Well that turned dark fast… Islam i the enemy of all non-heterosexual people. This is not news. Do as you wish,
Because Christianity and other organized religions have such a great track record, am I right?
The person with the intersectional queer flag avatar is just throwing it around to support genocide. How cute, and how very typical of tech site comment sections.
No. Fuck off. Take those extra colors off your flag, go join the rainbow capitalist brigade. If bigotry were a justification for genocide, not a single country on Earth would be safe.
IDK, lets just die in ukraine then… I dont care any more.
What the fuck are you even talking about
On second thought nevermind, I remember you were all on about Donald Trump ushering in world peace before he got elected last year, so it’s pretty clear nothing you say is worth listening to
@thom “….Microsoft’s contributions to the genocide in Gaza….” Please explain, because it’s not obvious. I’m just observing employees protesting but it’s really unclear what Microsoft’s role or contribution actually is here.
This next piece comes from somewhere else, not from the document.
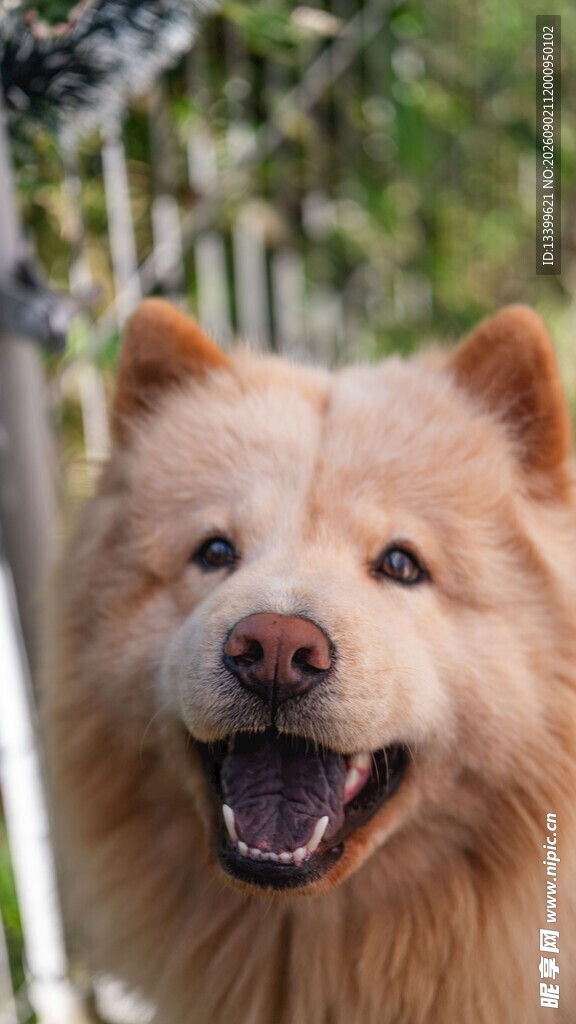 微笑的松狮犬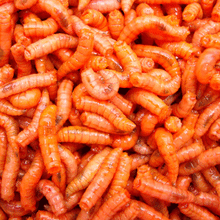 Load image into Gallery viewer, Maggots (Live or Frozen)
It probably comes down to selling their ordinary software licenses to the Israeli military. I highly doubt MS is pulling an IBM and delivering custom tech to aid in the violence.
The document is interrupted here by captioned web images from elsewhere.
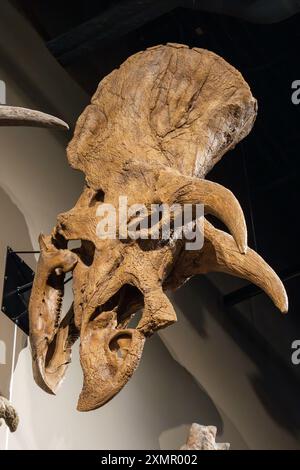 Crâne de Triceratops horridus, un dinosaure cératopsidé, au Musée d'histoire naturelle de l'Utah, Salt Lake City, Utah. Banque D'Images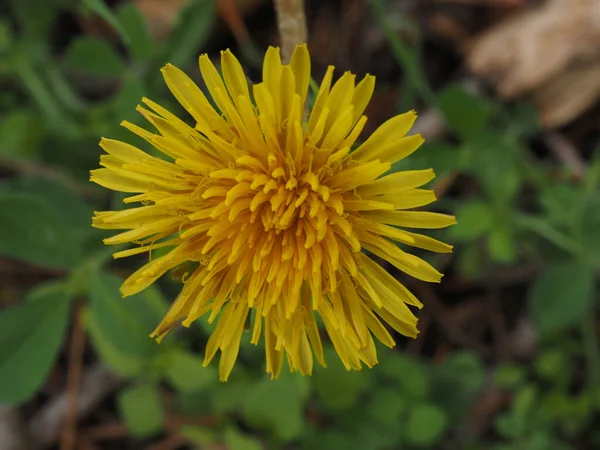 Gula Och Vita Blommor Vilda Växter — Stockfoto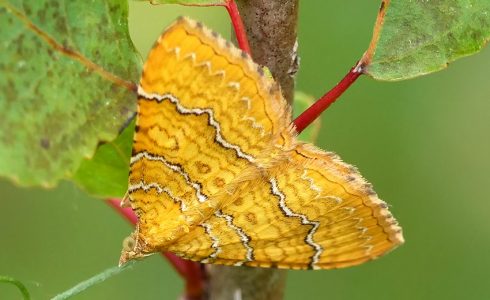 Camptogramma bilineata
From what I can gather they’re developing and providing the AI that is picking places to bomb. That is vile, no matter what conflict it happens in. An then, when employees protest such a use of their work, they fire them.
Tom, I was fully expected genocide to happen after October 7 pogrom of Jews done by Palestinians from Gaza.
It luckily did not happen. The Israeli are better people than I would’ve been in their shoes.
The scale of the Oct 7 attack roughly translates to 13 times of the WTC attack, if you calculate per capita. It’s as if someone killed 40,000 Americans in one day. What do you think Americans would have done? There would be no Gaza to speak of.
Palestinians are extremely lucky the Jews are unbelievably generous and forgiving bunch.